This year’s Halloween is too cheesy, and with too many logic problems, to be scary. There is a scant acknowledgment of its cheesy/B-movie nature, but that side is hardly embraced. Worse, the first third is slow and bor-ing. This 2018 redux is very poor at building any real tension. I was concerned that watching it would give me nightmares: no need to worry about that here.

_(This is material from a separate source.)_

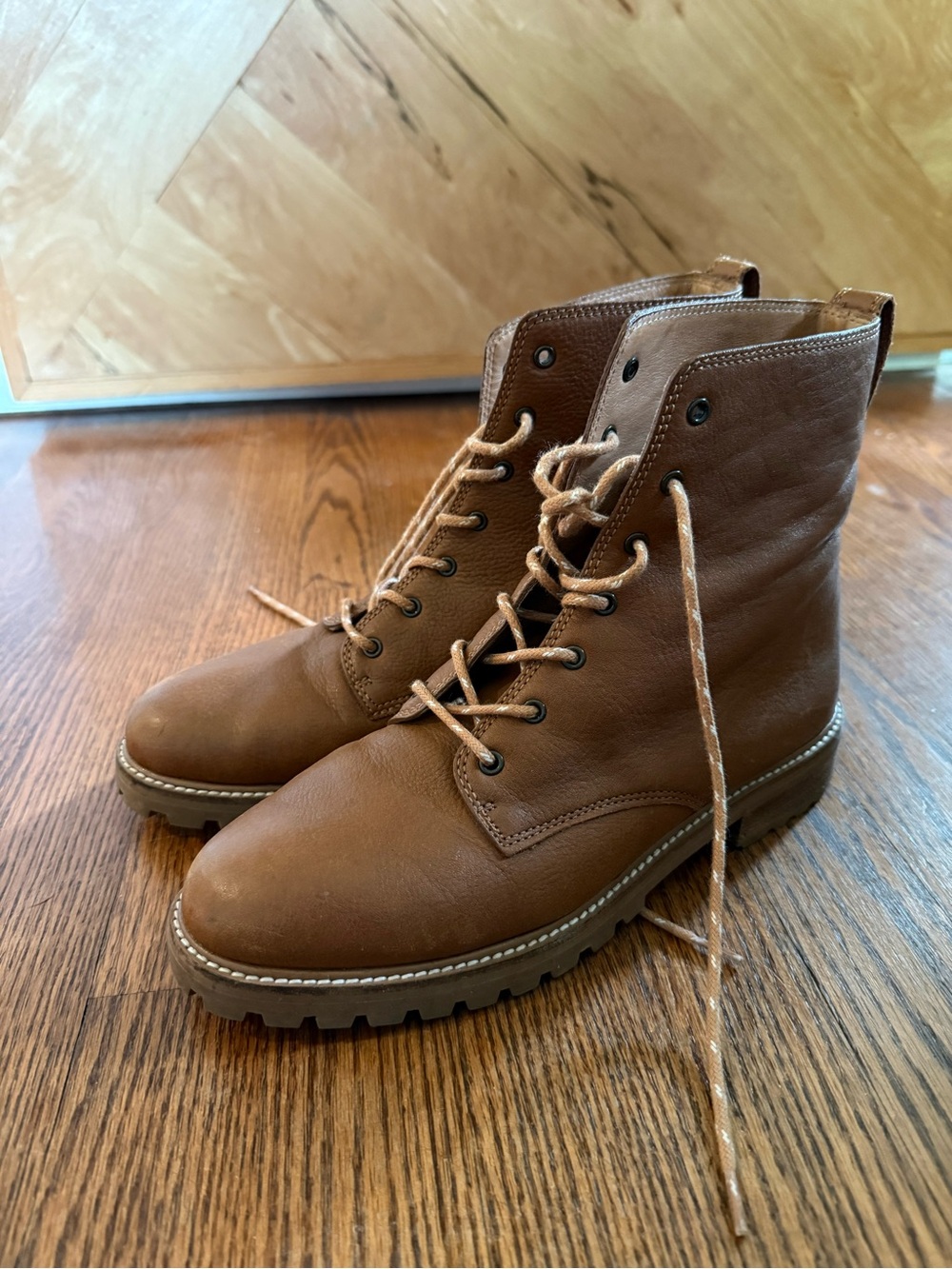 Madewell Women Tan Leather Lace-Up Boots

I’ve noticed so many of the mass-market horror/terror films lately are trying to be “scary” without having any cojones. There’s a spate of timidity in these pictures. Being little more scary than your local haunted house works great for kids, but lands like a dull thud for those of us who’ve already seen more than a couple slasher-hackers.
It would be so refreshing to sense in contemporary productions an appetite to push it to the edge. That’s why films like Oldboy, Under the Skin, I Spit on Your Grave, A Clockwork Orange, and The Last House on the Left stand out so well. And that’s why I’ll take a film like Straw Dogs that arguably goes too far over an anemic piece like Halloween.
Or, again, embrace the potential dark comic goldmine at your fingertips. Think about the sheer glee of Natural Born Killers, Scream, or Mars Attacks! Halloween 2018 does deliver a modicum of entertainment value, especially with the intro sequence and when that classic soundtrack plays, but this is a disappointing installment by the Blum House Boys. 4/10
Comparison Notes: other than those mentioned above: Alien, other Blum House films, the original Halloween, Movies that’ll get ya
The biggest problem with Slender Man is that for large swathes not much happens, and when it does it’s rather gutless. Adam Graham, Detroit News:
It doesn’t add up to much more than a shoulder shrug. Perhaps that’s one way to kill off Slender Man: make his story so dull that no one cares.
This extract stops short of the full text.